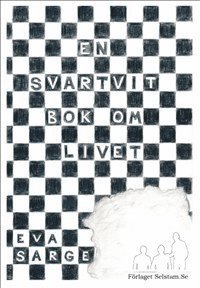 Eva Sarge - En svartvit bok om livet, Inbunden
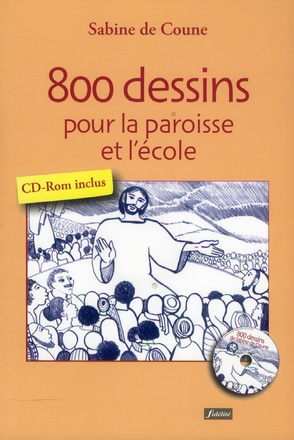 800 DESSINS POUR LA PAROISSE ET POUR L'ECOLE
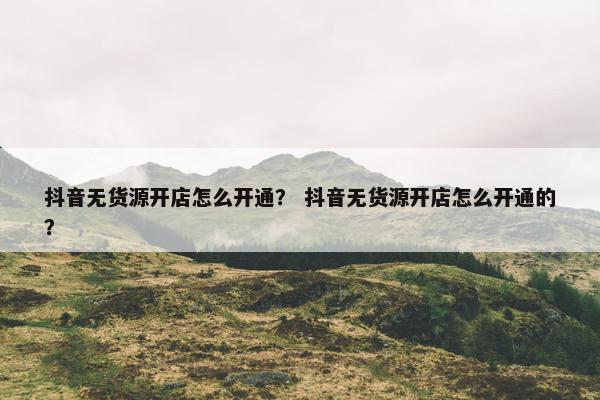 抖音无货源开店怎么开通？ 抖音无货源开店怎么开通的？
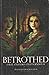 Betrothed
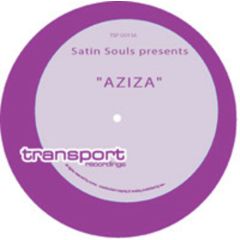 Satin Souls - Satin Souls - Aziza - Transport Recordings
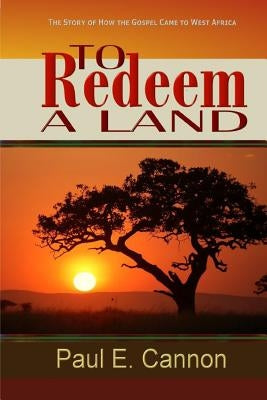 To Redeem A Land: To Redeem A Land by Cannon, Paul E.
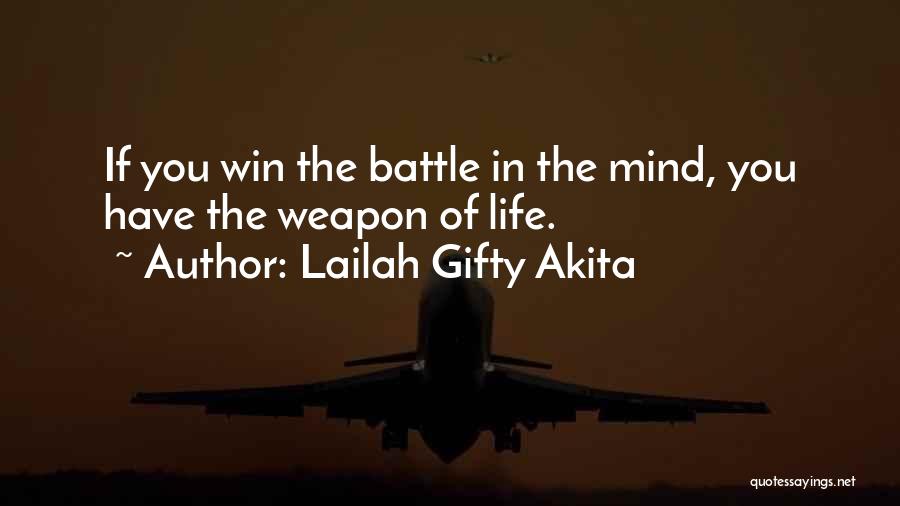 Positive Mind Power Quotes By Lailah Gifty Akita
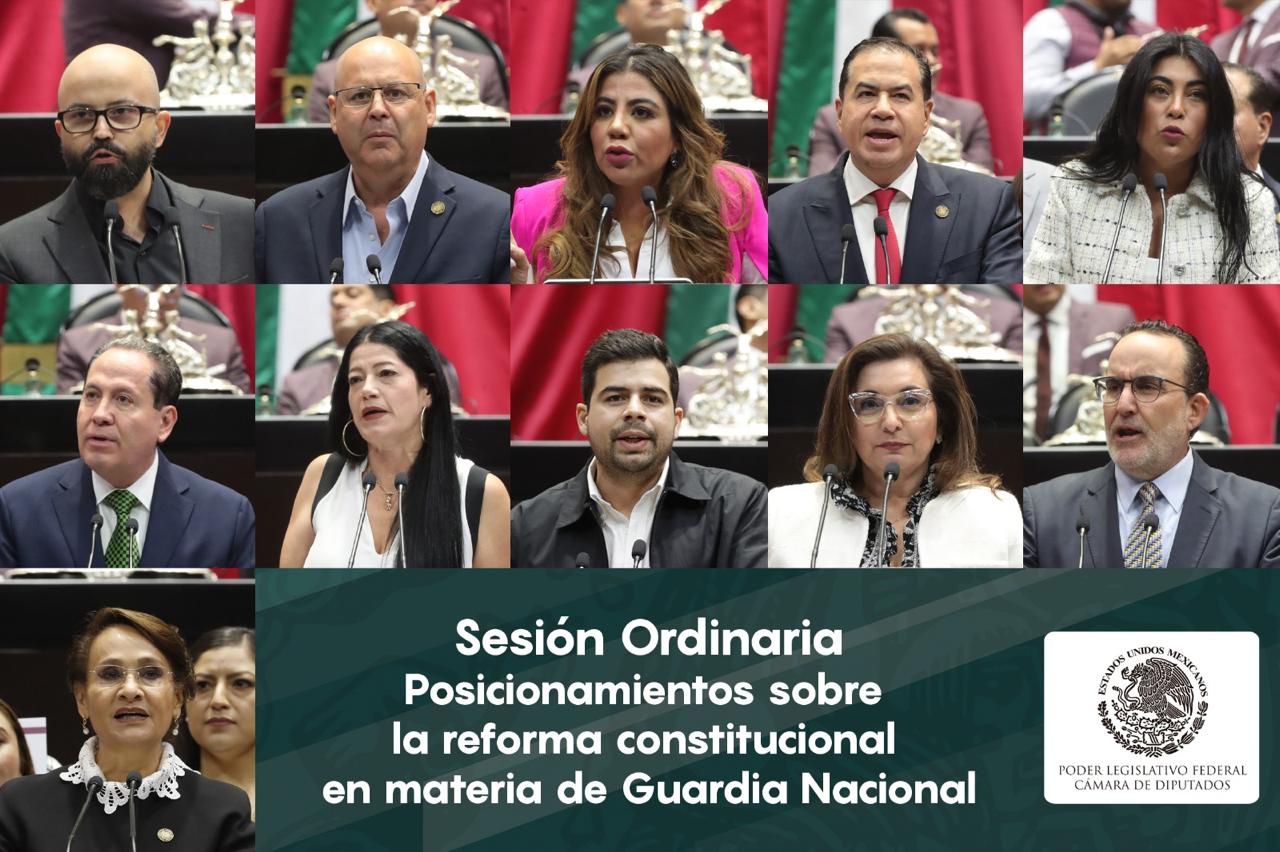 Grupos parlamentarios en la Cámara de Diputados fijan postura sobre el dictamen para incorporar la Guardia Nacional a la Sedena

---

- _Task details_
Exactly the lines from the one that contains "Satin Souls - Satin" through the final line of the records above are needed, given again word for word, with every picture left out.

- _Answer below_
 Satin Souls - Satin Souls - Aziza - Transport Recordings
 To Redeem A Land: To Redeem A Land by Cannon, Paul E.
 Positive Mind Power Quotes By Lailah Gifty Akita
 Grupos parlamentarios en la Cámara de Diputados fijan postura sobre el dictamen para incorporar la Guardia Nacional a la Sedena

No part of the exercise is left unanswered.